## SOURCE INFORMATION
#####
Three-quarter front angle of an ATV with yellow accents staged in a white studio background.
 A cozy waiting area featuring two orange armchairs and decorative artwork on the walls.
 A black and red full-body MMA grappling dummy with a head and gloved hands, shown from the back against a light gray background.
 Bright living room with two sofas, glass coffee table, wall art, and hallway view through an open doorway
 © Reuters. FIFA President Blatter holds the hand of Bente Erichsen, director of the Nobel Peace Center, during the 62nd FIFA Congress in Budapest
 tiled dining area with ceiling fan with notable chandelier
#####
## WHAT THIS TASK INVOLVES
Your task is to retype the data exactly, with no line missing.

## OUTPUT
Three-quarter front angle of an ATV with yellow accents staged in a white studio background.
 A cozy waiting area featuring two orange armchairs and decorative artwork on the walls.
 A black and red full-body MMA grappling dummy with a head and gloved hands, shown from the back against a light gray background.
 Bright living room with two sofas, glass coffee table, wall art, and hallway view through an open doorway
 © Reuters. FIFA President Blatter holds the hand of Bente Erichsen, director of the Nobel Peace Center, during the 62nd FIFA Congress in Budapest
 tiled dining area with ceiling fan with notable chandelier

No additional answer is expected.